Thats the question,ist relly long and i don't understand nearly all of it,can you help?

 

[zanazzi78]

Thats the question,ist relly long and i don't understand nearly all of it,can you help?

Well lets's start by you telling me what you do understand from the question and then I'll be able to help!

Do you know what a bi-convex and plano-concave lense are?
Do you understand the term "converging achromatic lens"?
What do you know about dispersive powers?

 

[Gamma]

Post #15.

[tex] - \frac {1}{18} = \frac{1}{24} + \frac {1}{v} [/tex]

v = - 7/72 cm = - 10.3 cm

According to the ray diagram, image is in the same side as the object, image is upright and shrunken. I have attached a diagram.

 

[suf7]

Well lets's start by you telling me what you do understand from the question and then I'll be able to help!

Do you know what a bi-convex and plano-concave lense are?
Do you understand the term "converging achromatic lens"?
What do you know about dispersive powers?

No i don't understand any of those three questions,i only understand that i have to design something..lol..sorry I am not very good at this..how do i even start a question like this?

 

[suf7]

Post #15.

[tex] - \frac {1}{18} = \frac{1}{24} + \frac {1}{v} [/tex]

v = - 7/72 cm = - 10.3 cm

According to the ray diagram, image is in the same side as the object, image is upright and shrunken. I have attached a diagram.

you have given me a different answer??..and your ray diagram is different?...im confused,which is right?

 

[Gamma]

If you go back to post #15 and read it, you will see that there is a calculation error.


[tex] - \frac {1}{18} = \frac{1}{24} + \frac {1}{v} [/tex]

does not give 72 cm.

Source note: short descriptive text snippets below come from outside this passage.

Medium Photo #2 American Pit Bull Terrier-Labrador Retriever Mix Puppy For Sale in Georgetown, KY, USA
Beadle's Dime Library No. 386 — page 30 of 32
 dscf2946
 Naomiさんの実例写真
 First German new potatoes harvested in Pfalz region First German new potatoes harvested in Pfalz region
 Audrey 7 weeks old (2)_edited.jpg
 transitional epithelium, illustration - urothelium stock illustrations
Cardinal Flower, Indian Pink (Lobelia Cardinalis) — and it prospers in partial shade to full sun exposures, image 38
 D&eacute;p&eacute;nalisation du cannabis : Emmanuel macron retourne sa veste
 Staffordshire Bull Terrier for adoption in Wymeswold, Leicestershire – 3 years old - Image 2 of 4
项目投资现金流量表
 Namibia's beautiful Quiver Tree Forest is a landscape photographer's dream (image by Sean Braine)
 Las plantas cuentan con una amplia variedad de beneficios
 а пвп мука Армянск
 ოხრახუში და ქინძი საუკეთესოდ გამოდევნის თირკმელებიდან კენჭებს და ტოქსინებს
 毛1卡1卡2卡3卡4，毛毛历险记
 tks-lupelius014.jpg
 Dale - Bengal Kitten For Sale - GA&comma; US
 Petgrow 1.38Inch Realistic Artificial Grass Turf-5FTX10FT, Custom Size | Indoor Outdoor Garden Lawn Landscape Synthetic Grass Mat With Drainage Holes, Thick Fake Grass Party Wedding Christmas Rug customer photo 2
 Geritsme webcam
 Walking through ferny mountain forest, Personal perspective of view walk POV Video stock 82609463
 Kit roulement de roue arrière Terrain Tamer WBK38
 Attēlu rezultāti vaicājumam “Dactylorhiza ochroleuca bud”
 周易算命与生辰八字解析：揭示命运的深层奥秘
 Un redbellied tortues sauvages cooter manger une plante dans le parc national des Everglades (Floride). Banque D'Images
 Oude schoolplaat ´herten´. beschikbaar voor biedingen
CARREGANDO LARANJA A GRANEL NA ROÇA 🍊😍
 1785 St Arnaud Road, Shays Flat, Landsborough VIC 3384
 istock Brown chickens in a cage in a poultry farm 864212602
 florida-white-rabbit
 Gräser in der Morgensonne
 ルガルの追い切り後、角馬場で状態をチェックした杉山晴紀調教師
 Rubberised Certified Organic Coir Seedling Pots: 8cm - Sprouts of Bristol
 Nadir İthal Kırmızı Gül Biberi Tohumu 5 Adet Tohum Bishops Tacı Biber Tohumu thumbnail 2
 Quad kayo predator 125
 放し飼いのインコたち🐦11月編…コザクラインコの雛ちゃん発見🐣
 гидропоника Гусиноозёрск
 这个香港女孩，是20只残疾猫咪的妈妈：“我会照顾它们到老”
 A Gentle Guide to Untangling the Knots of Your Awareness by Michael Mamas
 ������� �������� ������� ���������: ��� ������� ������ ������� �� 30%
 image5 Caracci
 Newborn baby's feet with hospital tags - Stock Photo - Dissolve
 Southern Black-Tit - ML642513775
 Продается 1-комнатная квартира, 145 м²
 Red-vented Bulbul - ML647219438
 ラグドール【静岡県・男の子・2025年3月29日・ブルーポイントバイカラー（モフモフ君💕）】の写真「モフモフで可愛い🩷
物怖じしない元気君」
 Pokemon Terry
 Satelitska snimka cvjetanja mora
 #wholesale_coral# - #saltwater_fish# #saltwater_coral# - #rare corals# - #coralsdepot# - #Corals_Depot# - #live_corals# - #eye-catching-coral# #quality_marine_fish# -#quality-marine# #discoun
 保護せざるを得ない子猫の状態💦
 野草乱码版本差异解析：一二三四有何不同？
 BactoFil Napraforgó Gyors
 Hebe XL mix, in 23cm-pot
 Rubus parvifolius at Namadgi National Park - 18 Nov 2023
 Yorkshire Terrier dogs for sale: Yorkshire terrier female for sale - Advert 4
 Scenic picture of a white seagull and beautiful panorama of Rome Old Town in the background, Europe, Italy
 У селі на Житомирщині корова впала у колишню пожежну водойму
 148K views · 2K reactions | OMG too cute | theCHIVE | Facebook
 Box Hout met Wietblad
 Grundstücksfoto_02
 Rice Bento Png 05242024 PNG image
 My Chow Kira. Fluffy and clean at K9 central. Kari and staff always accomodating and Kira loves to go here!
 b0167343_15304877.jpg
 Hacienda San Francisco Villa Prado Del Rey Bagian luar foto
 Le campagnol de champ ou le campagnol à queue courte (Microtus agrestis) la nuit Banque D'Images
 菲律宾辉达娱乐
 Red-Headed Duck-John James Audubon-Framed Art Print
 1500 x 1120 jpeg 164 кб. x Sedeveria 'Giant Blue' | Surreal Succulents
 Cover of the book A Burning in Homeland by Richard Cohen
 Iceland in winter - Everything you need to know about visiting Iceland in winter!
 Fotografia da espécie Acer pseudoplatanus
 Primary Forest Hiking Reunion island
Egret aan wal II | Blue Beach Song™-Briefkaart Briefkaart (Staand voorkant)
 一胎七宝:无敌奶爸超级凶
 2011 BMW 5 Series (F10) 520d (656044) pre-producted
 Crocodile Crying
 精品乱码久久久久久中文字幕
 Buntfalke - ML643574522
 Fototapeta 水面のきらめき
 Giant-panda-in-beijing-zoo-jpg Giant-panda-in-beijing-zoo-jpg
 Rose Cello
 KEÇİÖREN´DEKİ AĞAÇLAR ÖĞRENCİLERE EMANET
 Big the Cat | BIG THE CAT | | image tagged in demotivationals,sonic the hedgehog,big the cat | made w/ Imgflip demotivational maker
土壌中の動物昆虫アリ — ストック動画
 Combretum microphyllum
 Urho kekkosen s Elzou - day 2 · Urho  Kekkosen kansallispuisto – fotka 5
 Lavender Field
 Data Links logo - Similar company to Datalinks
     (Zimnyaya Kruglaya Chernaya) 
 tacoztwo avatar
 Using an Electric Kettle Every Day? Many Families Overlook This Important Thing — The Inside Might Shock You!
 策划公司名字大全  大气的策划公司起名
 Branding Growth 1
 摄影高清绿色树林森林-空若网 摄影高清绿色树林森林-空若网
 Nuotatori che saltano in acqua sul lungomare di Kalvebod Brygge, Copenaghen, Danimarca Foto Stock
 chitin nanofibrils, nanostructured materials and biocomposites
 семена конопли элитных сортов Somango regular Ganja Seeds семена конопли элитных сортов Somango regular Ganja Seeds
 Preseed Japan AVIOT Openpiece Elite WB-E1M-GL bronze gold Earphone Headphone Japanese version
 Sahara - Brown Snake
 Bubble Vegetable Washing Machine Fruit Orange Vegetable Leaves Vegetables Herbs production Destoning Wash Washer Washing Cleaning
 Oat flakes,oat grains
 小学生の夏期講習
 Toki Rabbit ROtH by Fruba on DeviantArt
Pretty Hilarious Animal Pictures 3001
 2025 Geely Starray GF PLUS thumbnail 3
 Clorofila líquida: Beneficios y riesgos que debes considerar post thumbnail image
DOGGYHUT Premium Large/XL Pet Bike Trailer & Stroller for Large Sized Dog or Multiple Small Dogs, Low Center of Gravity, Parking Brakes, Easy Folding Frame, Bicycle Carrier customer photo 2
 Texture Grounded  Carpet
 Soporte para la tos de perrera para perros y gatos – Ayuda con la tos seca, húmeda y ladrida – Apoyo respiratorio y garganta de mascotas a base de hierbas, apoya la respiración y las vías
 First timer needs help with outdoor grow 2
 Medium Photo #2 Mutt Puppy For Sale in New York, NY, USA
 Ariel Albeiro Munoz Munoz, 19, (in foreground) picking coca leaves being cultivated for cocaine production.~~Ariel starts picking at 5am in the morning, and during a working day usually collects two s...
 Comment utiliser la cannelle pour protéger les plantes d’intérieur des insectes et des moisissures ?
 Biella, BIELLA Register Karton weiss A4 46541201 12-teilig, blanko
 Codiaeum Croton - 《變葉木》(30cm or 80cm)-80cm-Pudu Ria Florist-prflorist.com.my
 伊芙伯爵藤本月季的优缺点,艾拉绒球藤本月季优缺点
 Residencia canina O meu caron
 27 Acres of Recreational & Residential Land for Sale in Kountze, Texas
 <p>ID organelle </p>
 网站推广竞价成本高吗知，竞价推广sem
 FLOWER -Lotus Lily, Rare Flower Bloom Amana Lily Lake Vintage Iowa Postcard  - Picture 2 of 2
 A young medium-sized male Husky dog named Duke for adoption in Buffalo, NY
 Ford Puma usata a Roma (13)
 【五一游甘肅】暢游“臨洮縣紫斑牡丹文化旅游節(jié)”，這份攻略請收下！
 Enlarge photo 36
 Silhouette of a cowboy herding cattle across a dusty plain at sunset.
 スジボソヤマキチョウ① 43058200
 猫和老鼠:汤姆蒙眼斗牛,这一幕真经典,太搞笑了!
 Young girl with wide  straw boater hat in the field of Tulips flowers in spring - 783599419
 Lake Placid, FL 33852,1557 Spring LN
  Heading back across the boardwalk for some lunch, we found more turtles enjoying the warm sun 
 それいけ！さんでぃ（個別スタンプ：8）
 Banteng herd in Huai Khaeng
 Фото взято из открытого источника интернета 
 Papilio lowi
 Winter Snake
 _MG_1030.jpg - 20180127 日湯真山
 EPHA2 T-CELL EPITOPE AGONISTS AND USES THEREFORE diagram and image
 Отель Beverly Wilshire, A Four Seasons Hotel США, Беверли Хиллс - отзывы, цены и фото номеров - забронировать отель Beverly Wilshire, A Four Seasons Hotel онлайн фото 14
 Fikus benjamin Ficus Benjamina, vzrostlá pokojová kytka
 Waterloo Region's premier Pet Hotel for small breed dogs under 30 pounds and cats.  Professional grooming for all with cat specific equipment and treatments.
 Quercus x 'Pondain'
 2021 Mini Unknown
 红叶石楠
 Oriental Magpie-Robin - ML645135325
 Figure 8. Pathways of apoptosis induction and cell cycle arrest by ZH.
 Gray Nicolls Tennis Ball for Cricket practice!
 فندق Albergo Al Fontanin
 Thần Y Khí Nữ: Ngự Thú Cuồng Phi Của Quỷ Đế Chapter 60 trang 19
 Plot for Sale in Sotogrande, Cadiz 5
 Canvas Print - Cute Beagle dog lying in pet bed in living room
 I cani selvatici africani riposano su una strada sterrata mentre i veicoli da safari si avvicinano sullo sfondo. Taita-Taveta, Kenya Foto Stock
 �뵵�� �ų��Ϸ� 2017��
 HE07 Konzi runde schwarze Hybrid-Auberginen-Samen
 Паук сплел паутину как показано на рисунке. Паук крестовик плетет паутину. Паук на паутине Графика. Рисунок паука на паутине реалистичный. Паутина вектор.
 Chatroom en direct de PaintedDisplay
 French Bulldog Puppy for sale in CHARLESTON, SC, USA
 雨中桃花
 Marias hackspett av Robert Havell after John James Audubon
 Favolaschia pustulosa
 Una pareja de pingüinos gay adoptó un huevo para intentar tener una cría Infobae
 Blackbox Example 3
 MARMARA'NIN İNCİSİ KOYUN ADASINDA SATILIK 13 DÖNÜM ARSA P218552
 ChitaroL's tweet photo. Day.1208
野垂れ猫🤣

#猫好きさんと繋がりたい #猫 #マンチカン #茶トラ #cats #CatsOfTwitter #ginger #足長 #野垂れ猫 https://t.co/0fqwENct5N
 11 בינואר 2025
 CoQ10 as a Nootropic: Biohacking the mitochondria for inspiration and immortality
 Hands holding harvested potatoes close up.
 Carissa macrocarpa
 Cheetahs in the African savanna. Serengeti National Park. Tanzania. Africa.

Rather it gives v= -10.3 cm.

Also did you draw a ray diagram? do you agree with the ray diagram that I posted?

 

[suf7]

If you go back to post #15 and read it, you will see that there is a calculation error.


[tex] - \frac {1}{18} = \frac{1}{24} + \frac {1}{v} [/tex]

does not give 72 cm. Rather it gives v= -10.3 cm.

Also did you draw a ray diagram? do you agree with the ray diagram that I posted?

ok,thanks for knowticing the calculation error...i don't kno how to draw a ray diagram but thers one in post #15??...its different to yours tho??

 

[Gamma]

I did a google search and found this one which explains how to draw ray diagrams for the case of diverging lenses.

http://www.glenbrook.k12.il.us/gbssci/phys/Class/refrn/u14l5ea.html

If you are learning about 'light-lenses' you may have to go back to your notes or book to learn more about image formation by converging and diverging lenses and how to draw ray diagrams.

 

[suf7]

I did a google search and found this one which explains how to draw ray diagrams for the case of diverging lenses.

http://www.glenbrook.k12.il.us/gbssci/phys/Class/refrn/u14l5ea.html

If you are learning about 'light-lenses' you may have to go back to your notes or book to learn more about image formation by converging and diverging lenses and how to draw ray diagrams.

thanks,il try and read through that site.